The item below is an idem of interest in the IE article regarding magnetism.

"an empirical model by Dennis Letts was used...“A Method to Calculate
Excess Power”... predicts that the heat production is linearly proportional
to the mass of the hydrogen-containing material and the magnetic field
surrounding the mass."


On Fri, Apr 18, 2014 at 5:52 PM, Jones Beene <jone...@pacbell.net> wrote:

>                 From: Jed Rothwell
>
>                 That is fun to read! Good experiment. Good write up.
>
> Yes it is a fabulous, simple experiment that is ripe for both replication
> and improvement.
>
> And it is somewhat poignant for those who have followed the field for a
> while, to mention Les Case – whose shadow looms over this experiment. Here
> is an old article from Gene:
> http://lenr-canr.org/acrobat/MalloveEreproducib.pdf
> … showing the spherical reactor, which turns up once again. Notably Cravens
> (IIRC) purchased the Lab gear from Case’s estate. And he is still using
> carbon of some form, as did Case. Quote:
>
> The bulk of the material inside the active sphere is activated charcoal
> (carbon). The charcoal has a mesh of between 1350 and 2000 (micro mesh
> screening of 6 to 10 microns)…. That was selected to match the 8.2 micron
> peak wavelength of black body radiation at 80°C [i.e. spectral radiance of
> about 0.02 W/(cm2)]. The charcoal’s pores holding the metal alloy are
> nominally 9 nm.
>
> That is very low spectral radiance, and to say that there is any peak at
> all
> at this temperature is strange, as the “curve” is essentially flat. Plus
> the
> value seems to be off. Nevertheless, the proof is in the pudding… and the
> active sphere worked for months at substantial gain. That is the incredible
> part.
>
> The big question I have for Dennis, or his first replicator, is what gases
> turn up in the ash after a long run?
>
> As the active ball was cut open at the end of the Demo to show no battery
> was inside, the accumulated gases were not analyzed at NI Week. Les Case
> thought he was seeing helium but was he?
>
> Mizuno has presented a paradigm shift with his discovery of hydrogen
> showing
> up in place of deuterium. Is that a trend, of a sort, now that we have an
> appreciation that it is possible? Was past evidence of
> D->2H deliberately ignored, since that reaction seems so improbable that
> the
> experimenter ignored it for sake of his own credibility?
>
> If the Mizuno finding were to be validated in another type of experiment
> then it may finally be possible to approach an operating theory which will
> appeal to the more hard-headed of skeptics.
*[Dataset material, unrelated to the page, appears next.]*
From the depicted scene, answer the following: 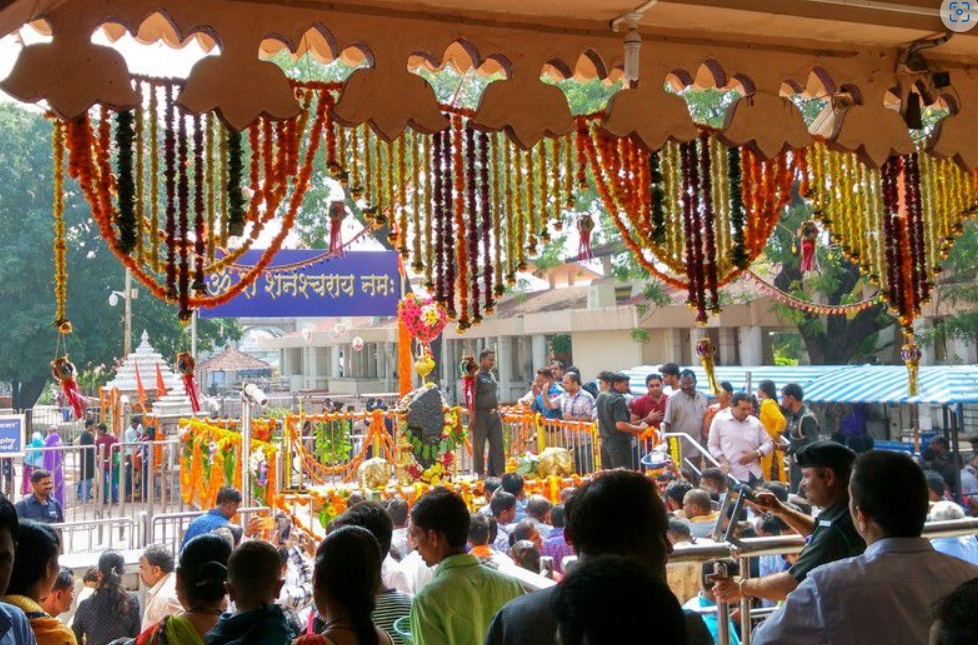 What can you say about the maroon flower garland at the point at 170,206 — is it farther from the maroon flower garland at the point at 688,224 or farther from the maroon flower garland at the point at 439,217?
the maroon flower garland at the point at 688,224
The skeptics I know will never
> buy into the helium spiel without some show of strong gamma photons – due
> to
> helium’s ubiquity… and given the recent Mizuno results – where a former
> proponent of helium is now (effectively) recanting - we may be seeing a
> major change in outlook.
>
> Who will be the next to confirm this? Or will it die a slow death?